On February 2, 2011, a postal worker delivering mail in Fulton

County stopped briefly at a wooded lot, where he saw a suspicious

object about 60 feet from the road and called 911. When officers

arrived, they found something in the shape of a body completely

sealed in two large black trash bags wrapped several times around

with duct tape. An officer cut into one of the bags and saw a naked

woman inside. The body was transported to the medical examiner’s

office. There was no identification on or near the body, and for the

next three weeks, law enforcement officers were unable to determine

who it was. Finally, on February 28, 2011, Hunt’s mother identified

the body as that of Hunt.

3 On March 6, 2011, Appellant spoke to the lead detective on the

case and another detective at police headquarters.
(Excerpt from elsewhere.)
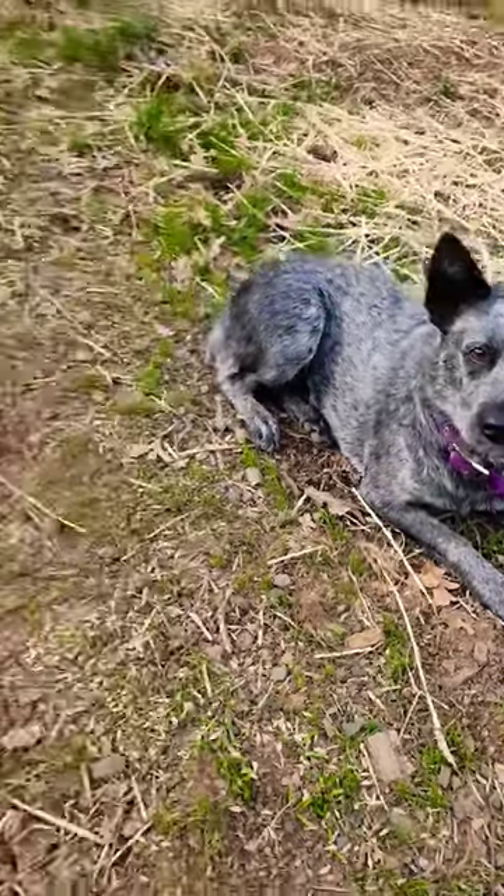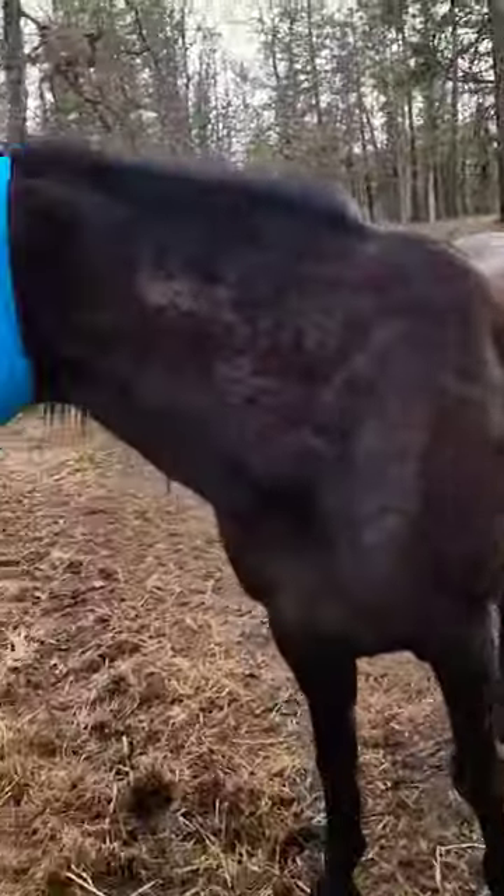Hey there, welcome back to my channel. Today I'm putting some new fly masks on the horses.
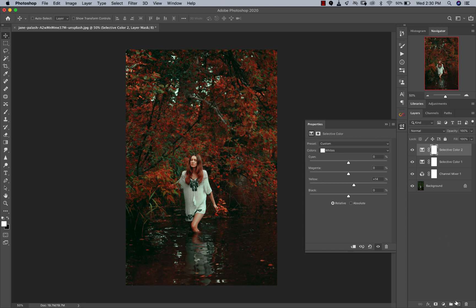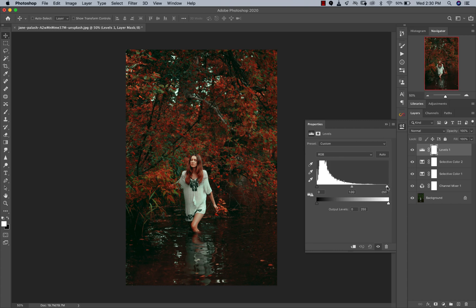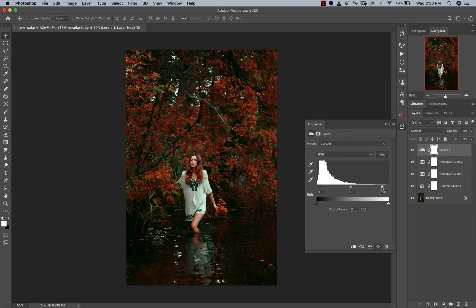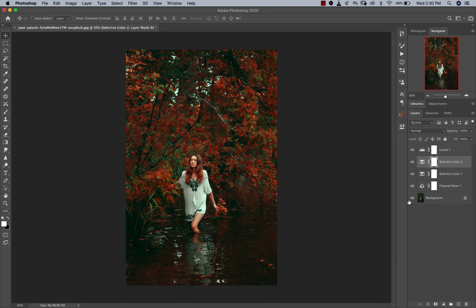You guys know I always play with my Levels to add contrast to my images. I'm just going to pull in my whites a little bit and pull my blacks — just make it look a lot more contrasty. Looking at before and after, it looks really nice. I think it has killed some of the faded blacks effect a little, so I'm just going to bring that back slightly. Looks really nice.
In the video-

recorded interview, which was later played for the jury, Appellant

admitted that he knew Hunt but insisted that the last time he saw

her was in late December 2010 or early January 2011. He denied

living with Hunt and claimed that he only met up with her

occasionally to have sex, which he said happened no more than ten

times from October to December 2010. About halfway through the

interview, Appellant consented to give a DNA sample. At the end of

the interview, Appellant left police headquarters.
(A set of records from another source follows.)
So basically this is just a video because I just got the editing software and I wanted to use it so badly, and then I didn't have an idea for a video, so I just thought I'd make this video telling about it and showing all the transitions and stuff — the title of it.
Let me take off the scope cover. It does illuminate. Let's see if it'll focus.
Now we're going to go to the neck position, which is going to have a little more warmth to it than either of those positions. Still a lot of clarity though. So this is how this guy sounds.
Forensic testing showed that at the time of Hunt’s death, she

had only a small amount of cannabinoids in her system. The medical

examiner concluded in his report that Hunt did not die of a drug

overdose, that she had no natural diseases that would explain her

death, and that the manner of death was homicide. Hunt had marks

on both sides of her neck, and an internal exam revealed small

hemorrhages in the right side of her neck and in her larynx and

thyroid gland, all of which were consistent with strangulation. The

4 medical examiner determined that Hunt died from strangulation or

some other asphyxia-related cause, such as smothering or

compression of the chest, and listed “homicidal violence” as the

cause of death. Tests run on swabs of Hunt’s chest later revealed the

presence of saliva containing Appellant’s DNA. On July 30, 2012, a

Fulton County magistrate judge issued a warrant for Appellant’s

arrest.

On September 28, 2012, Appellant was arrested and taken to

police headquarters, where he spoke to two homicide detectives. The

video-recorded interview was later played for the jury. At the outset,

Appellant again denied living with Hunt at the hotel in Decatur,

saying that he only visited her there and could not remember the

last time he saw her because he was involved with “so many women.”
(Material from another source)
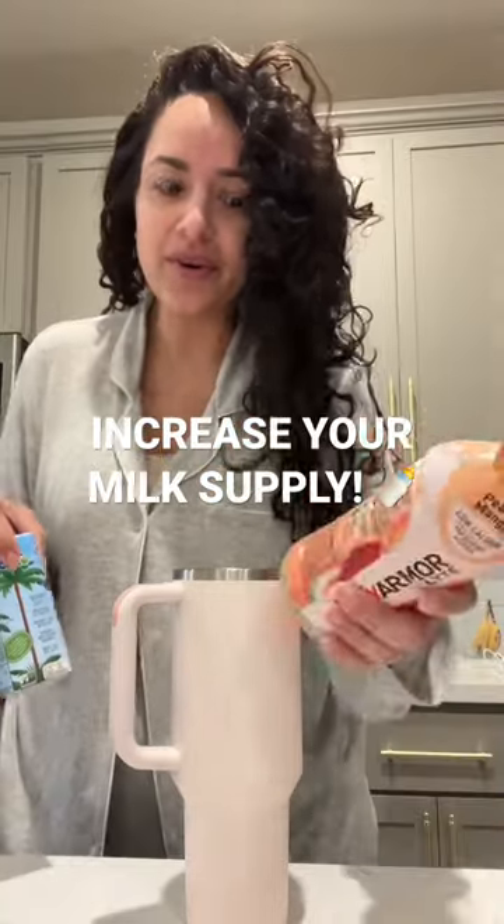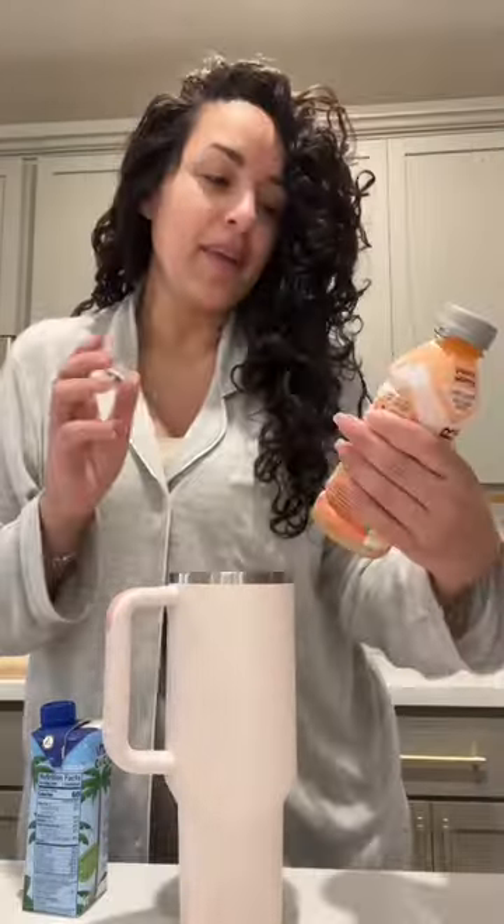I just started something and I want to show you. I heard that 'Summer' is good for milk supply, so I was like there's no way — there's actually no way. So I went to Google and holy moly, the amount of women that said this worked was insane. I'm actually using the Body Armor Light because I don't want as much sugar.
When the detectives informed Appellant that his DNA was found on

Hunt’s body, he changed his story, claiming that he deeply loved

Hunt, that he found her dead in the hotel room after she committed

suicide, and that the reason his DNA was found on her body was

because he was crying. According to Appellant, Hunt left him a note,

5 which he later burned, telling him to get rid of all her things and

how she wanted him to dispose of her body, which he followed “step

by step.” During a break in the interview, one of the detectives lent

his cell phone to Appellant to make a call. Appellant told the person

he called, “they got me . . . , but I ain’t tell them everything. . . . I

told them I found the body.” After the call, Appellant tore a clock off

the wall and attempted to disable a camera hidden inside.

The police obtained hair samples from Appellant to compare to

hairs found on Hunt’s body and on the duct tape wrapped around

the trash bags. An expert in forensic microanalysis concluded that

two pubic hairs on the duct tape originated from Appellant or from

someone whose pubic hair has the exact same microscopic

characteristics, which would be rare.